Unexpectedly strong figures for the construction sector were one reason for the surprise: the sector accounted for a quarter of the overall 0.8 per cent rise, despite making up only six per cent of the economy.
Construction grew four per cent quarter-on-quarter, faster than services or manufacturing, which each grew 0.6 per cent. Services account for 76 per cent of GDP.
Government output growth expanded 0.6 per cent, also above expectations. It is not yet clear whether the construction sector’s strong performance is due to private or public investment and therefore what effect government spending cuts will have.
The figure means that the economy as a whole has now grown 2.8 per cent since the end of the recession, in line with recovery speeds after previous downturns.
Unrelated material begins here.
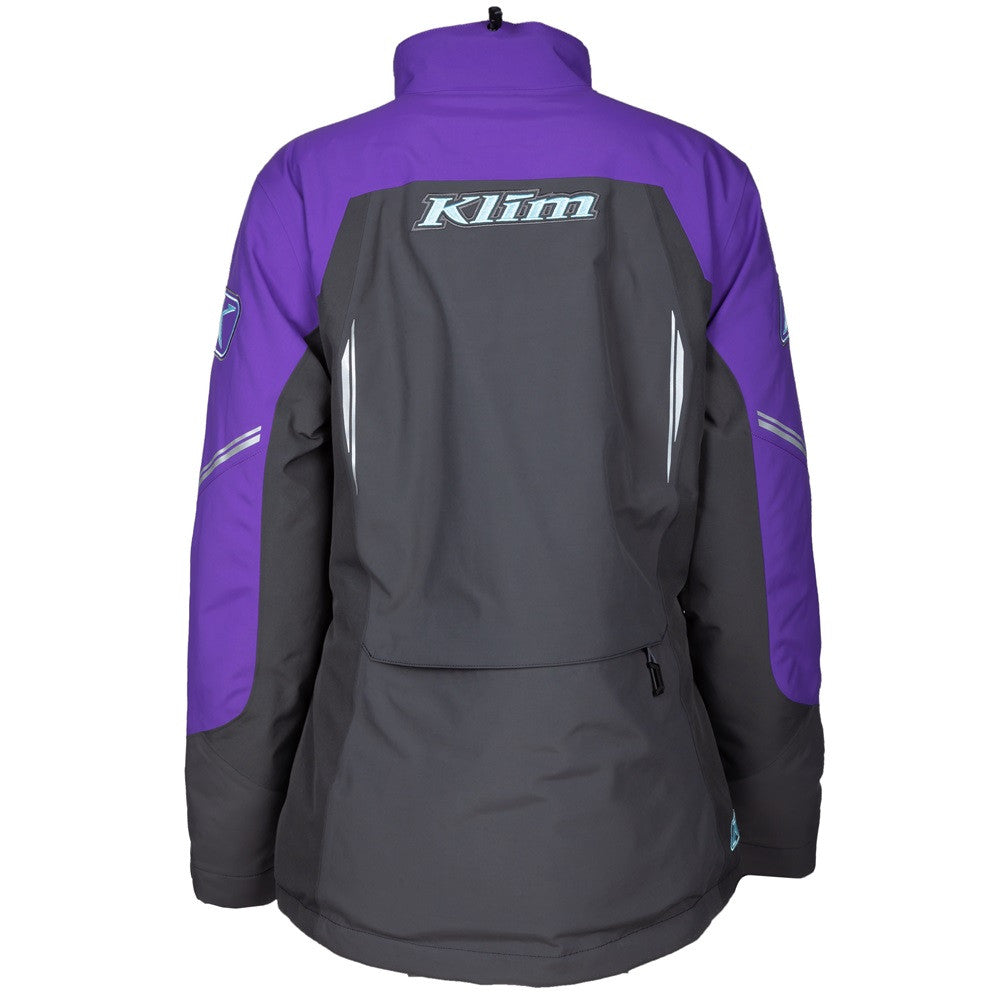 Klim Womens Strata Jacket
It has prompted economists to revise their overall forecasts for GDP growth to around two per cent for the year, up from many previous estimates of 1.5 per cent.
The data release came as ratings agency Standard & Poors raised the outlook on the UK’s AAA credit rating to stable from negative, citing reduced uncertainty about the coalition’s deficit reduction plan.
But economists warned that the strong growth might be only a temporary respite.
RBS’s Ross Walker, whose GDP tracker correctly forecast the surprise figure, thinks that the fourth quarter will see growth halve to 0.4 per cent.
“The recent headline growth rates are obviously not sustainable,” he says. “The construction sector was hit hard during the recession so this is partly a private-sector rebound. The services PMI is the chink in the third-quarter GDP armour, with risk of further moderation or sluggish growth.”
But he says the distribution of the growth raises the possibility that the economy could rebalance away from a concentration in services. Expectations are now that the Bank of England (BoE) will wait for more data before kicking off any quantitative easing (QE) programme. Some had anticipated a possible resumption of asset purchases next month.
Schroders’ Azad Zangana says: “Even using pre-crisis measures of trend growth, this figure is above trend. With inflation still running above the BoE’s three per cent upper limit, it will be incredibly difficult to justify resuming QE in November.”